I’m usually not a fan of floral tea blends, but the vanilla makes a charming host even to one of my more disliked tea ingredients. This is rather an impressive blend that way. That such a delicate-seeming blend can withstand a full 5 minutes brew is astounding in a tea world where lightly flavored black teas often need to be babied to 3 minutes. The longer brew time allows for the full high-quality black tea background taste to develop.
Of the cities line, Paris is the best black tea; and amongst blender-specific teas, Paris is one of the best flavored black tea blends period.
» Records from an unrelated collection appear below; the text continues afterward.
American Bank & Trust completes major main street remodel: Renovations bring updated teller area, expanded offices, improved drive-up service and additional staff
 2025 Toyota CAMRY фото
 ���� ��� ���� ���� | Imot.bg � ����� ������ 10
Next time we’ll look at another tea in the same line, a green tea named Bangkok.
Maker: Sir Robert’s Tea
Type: flavored black tea
Brew: 1 tsp / cup, boiling, 3 min
Some tropical fruit tea blends are stronger than others; this one is much more moderate, partly because the fine black tea overlays the fruits. This blend actually contains a non-tropical fruit, apples, which means this tea doesn’t taste too exotic. This may be a bonus for some, and does lend an individual air to the taste so kudos to Sir Roberts.
Still, I prefer my tropical teas to be straight-up tropical fruits. My preference when it comes to tropical fruit teas still lies with Mighty Leaf’s Green Tea Tropical, even though it’s not a black tea.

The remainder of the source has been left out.